### Work task
Dropping every picture, set down exactly the lines in the entries below, starting with the line with "Buan Hosugatongnamu Pension" and going on through the line with "Picture for 26".

### Exercise material
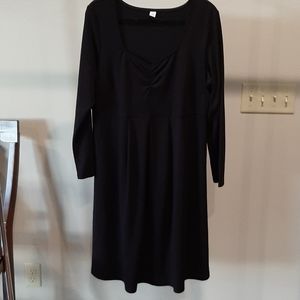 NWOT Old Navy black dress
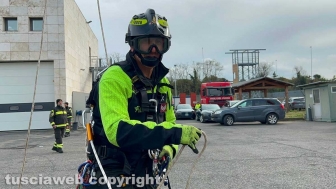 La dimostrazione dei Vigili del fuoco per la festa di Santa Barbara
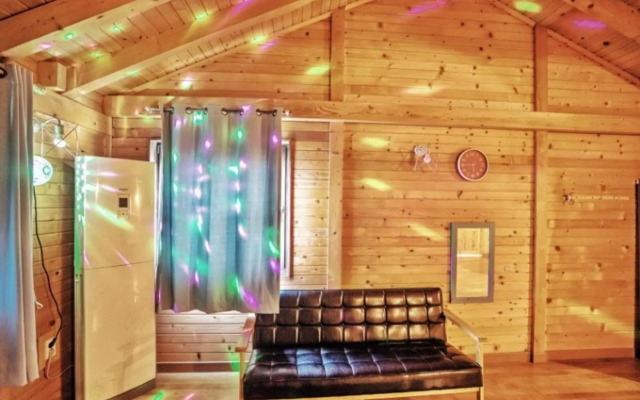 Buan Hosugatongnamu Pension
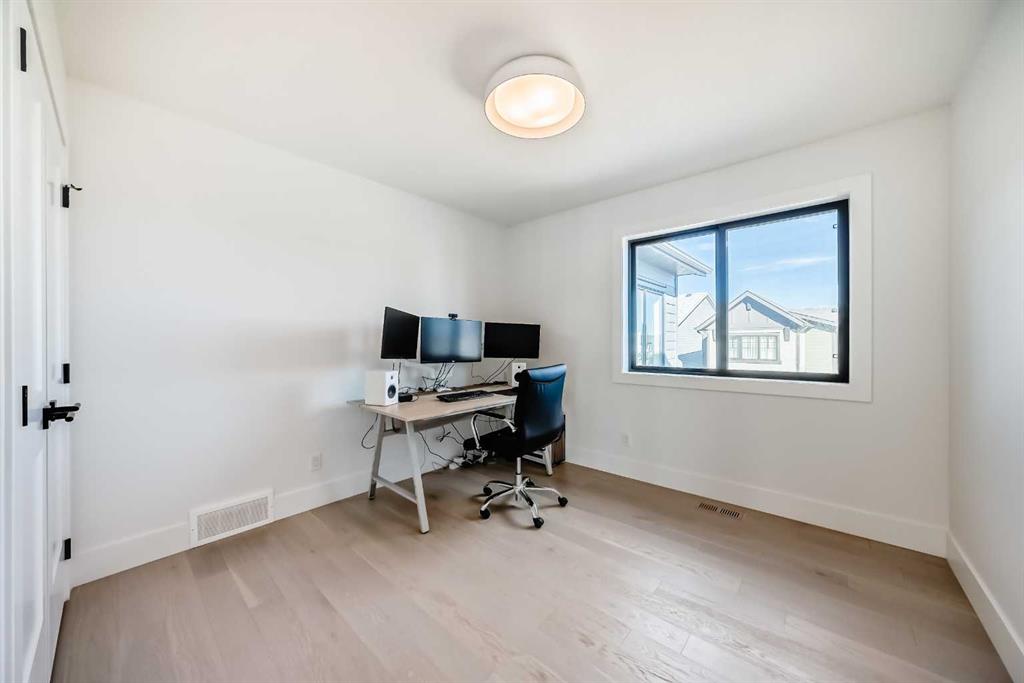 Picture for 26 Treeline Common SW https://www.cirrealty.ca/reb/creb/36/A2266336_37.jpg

* * *

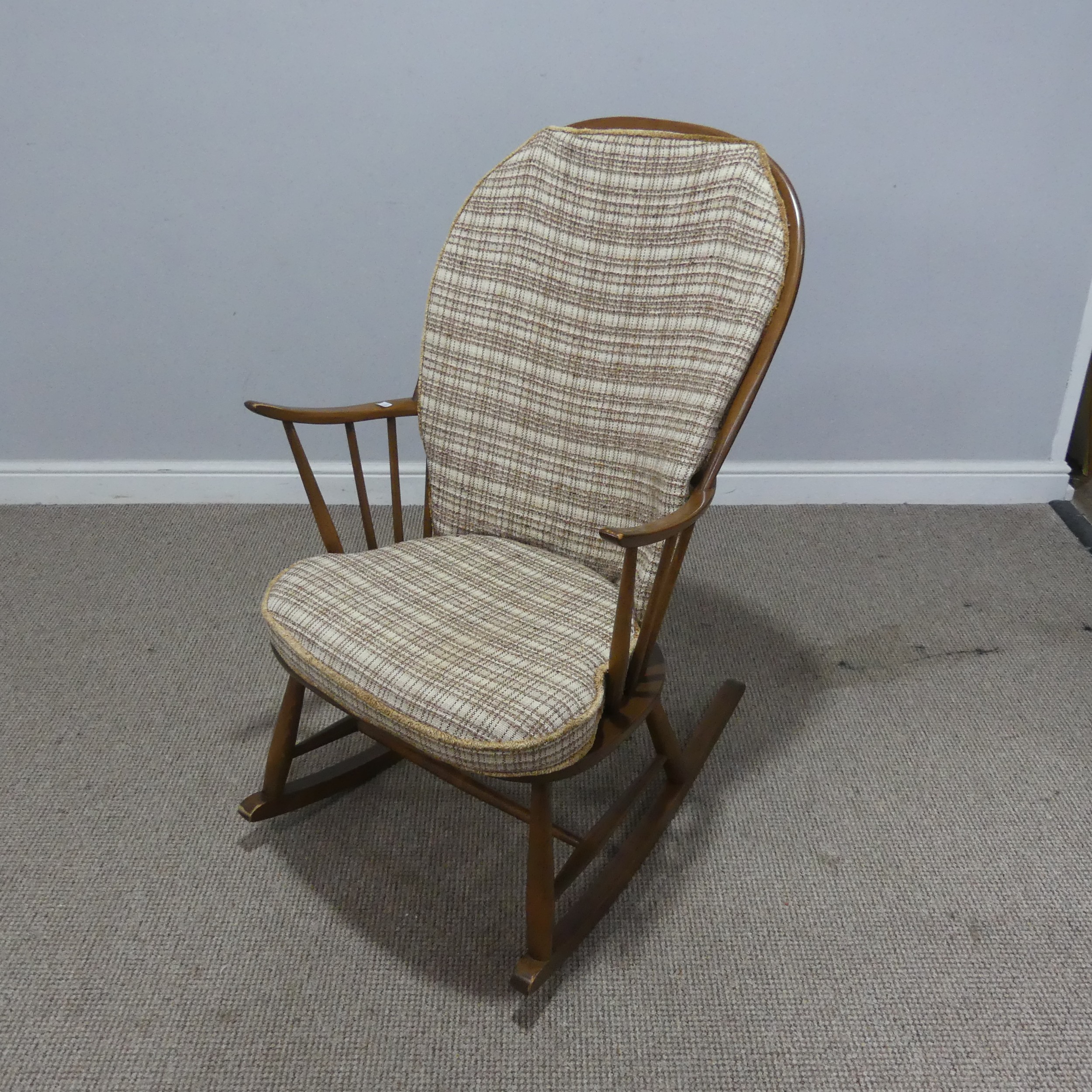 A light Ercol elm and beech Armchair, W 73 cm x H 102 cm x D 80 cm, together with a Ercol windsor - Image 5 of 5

* * *

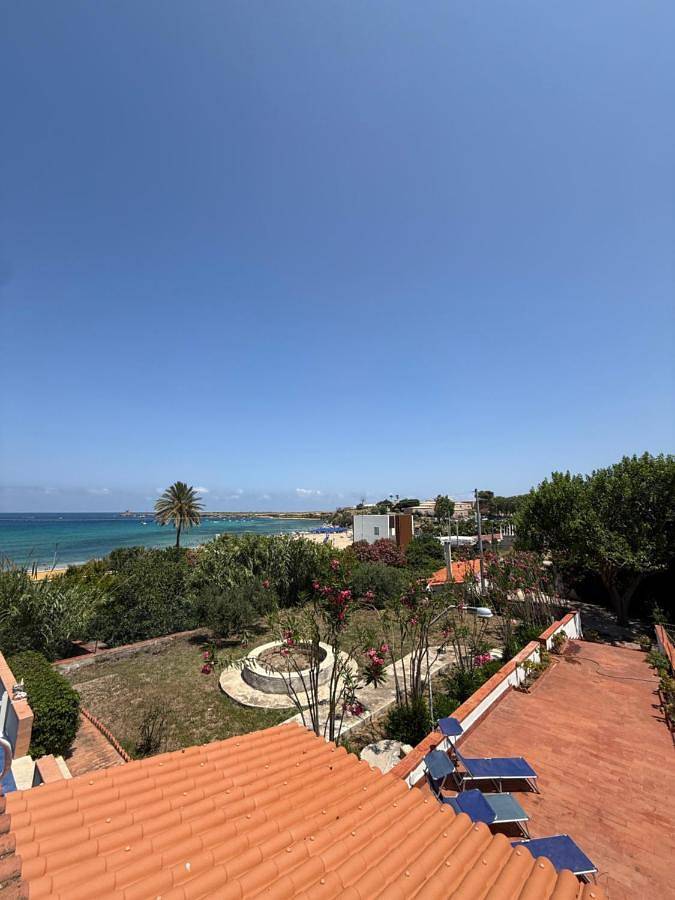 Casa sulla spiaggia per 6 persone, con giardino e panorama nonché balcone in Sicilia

### Result of this exercise
 Buan Hosugatongnamu Pension
 Picture for 26 Treeline Common SW https://www.cirrealty.ca/reb/creb/36/A2266336_37.jpg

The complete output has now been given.